Supplied entries section start

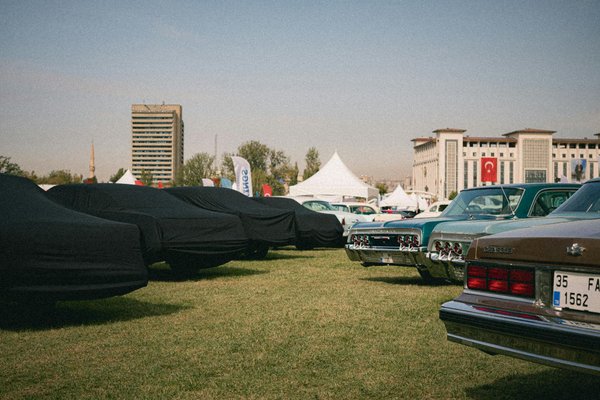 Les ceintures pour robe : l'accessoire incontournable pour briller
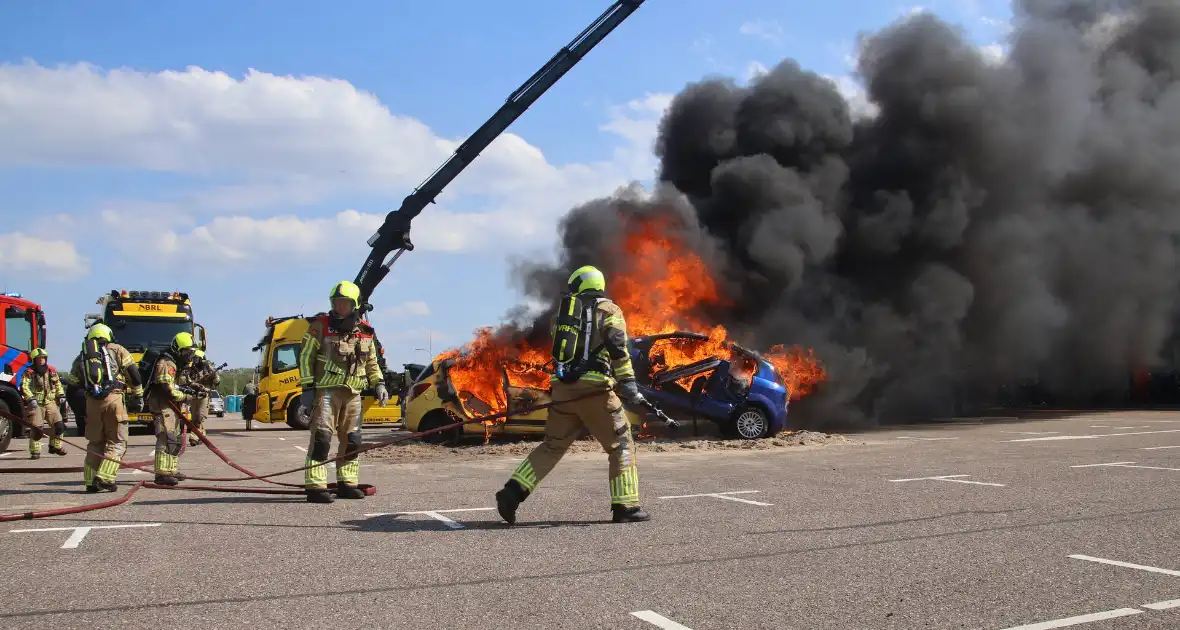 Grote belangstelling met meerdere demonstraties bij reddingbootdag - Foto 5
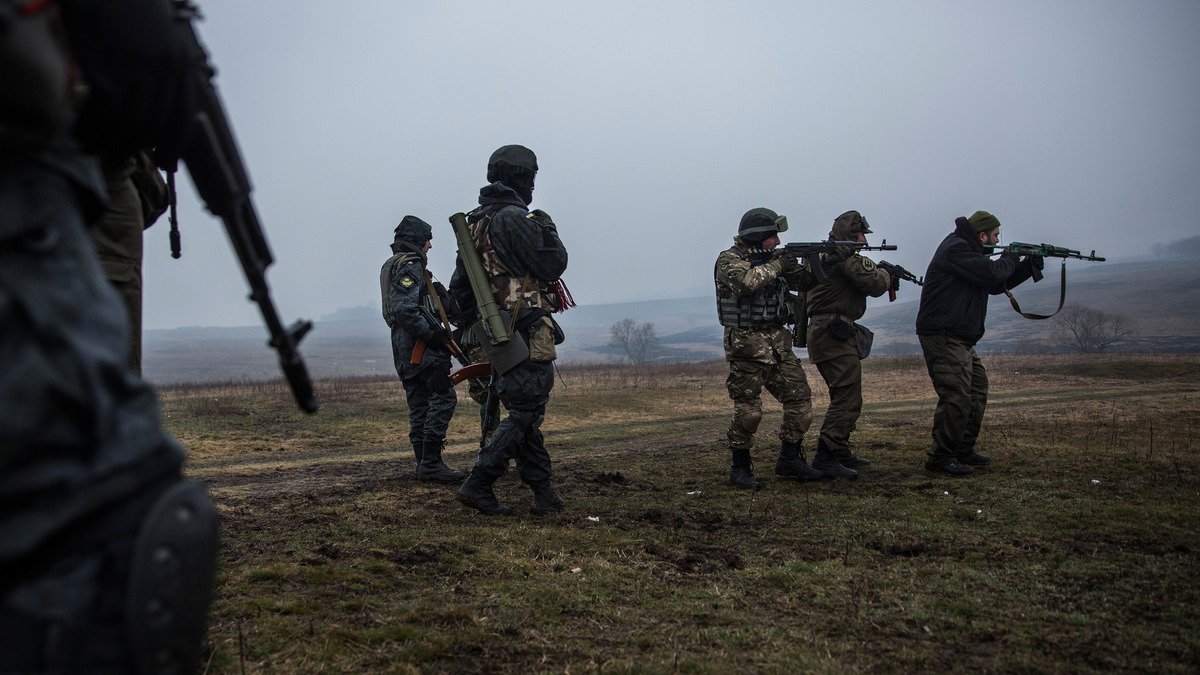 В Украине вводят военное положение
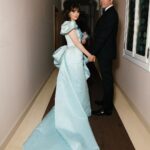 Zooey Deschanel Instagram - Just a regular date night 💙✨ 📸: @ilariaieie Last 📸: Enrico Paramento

Supplied entries section end
Supplied entries section start

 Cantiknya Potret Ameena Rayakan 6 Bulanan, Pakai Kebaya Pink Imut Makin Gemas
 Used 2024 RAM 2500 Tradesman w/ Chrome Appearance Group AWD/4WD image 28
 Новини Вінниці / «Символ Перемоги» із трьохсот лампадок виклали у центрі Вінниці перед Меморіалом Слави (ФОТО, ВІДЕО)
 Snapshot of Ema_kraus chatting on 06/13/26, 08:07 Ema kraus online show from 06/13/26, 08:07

Supplied entries section end
Supplied entries section start

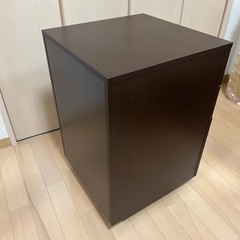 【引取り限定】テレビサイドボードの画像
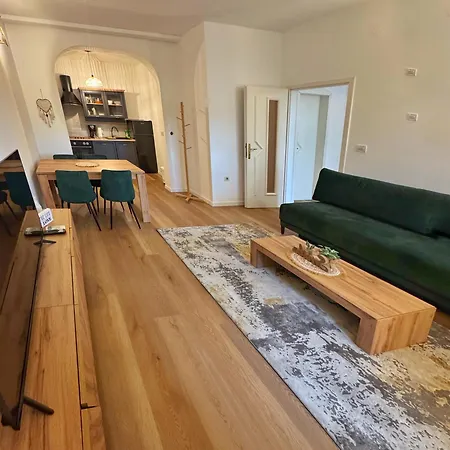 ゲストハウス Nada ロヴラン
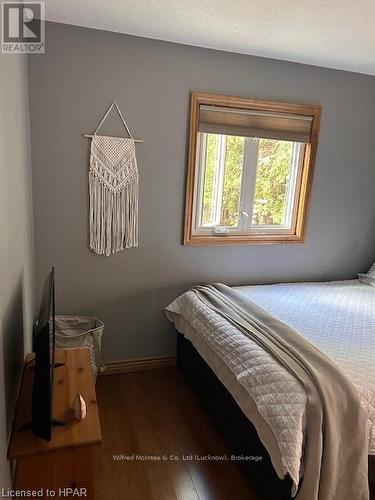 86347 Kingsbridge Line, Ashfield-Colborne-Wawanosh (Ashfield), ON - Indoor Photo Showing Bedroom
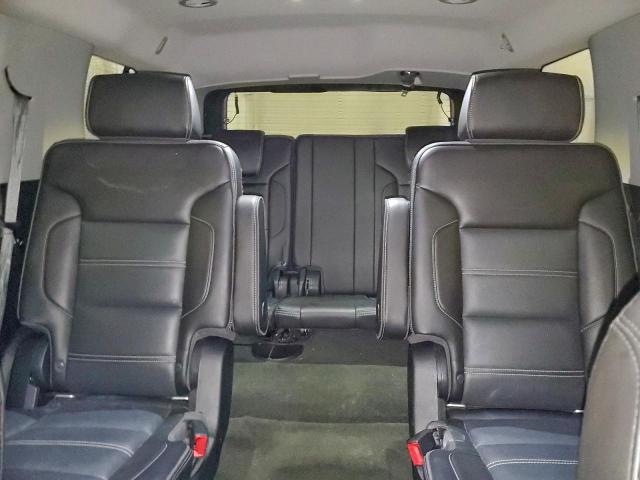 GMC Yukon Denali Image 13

Supplied entries section end

> _What you need to do_
Write out, word for word, the stretch of entries that begins at the line with "86347 Kingsbridge Line, Ashfield-Colborne-Wawanosh" and ends at the line with "GMC Yukon Denali Image 13". Pictures do not belong in it.

> _Completed task_
 86347 Kingsbridge Line, Ashfield-Colborne-Wawanosh (Ashfield), ON - Indoor Photo Showing Bedroom
 GMC Yukon Denali Image 13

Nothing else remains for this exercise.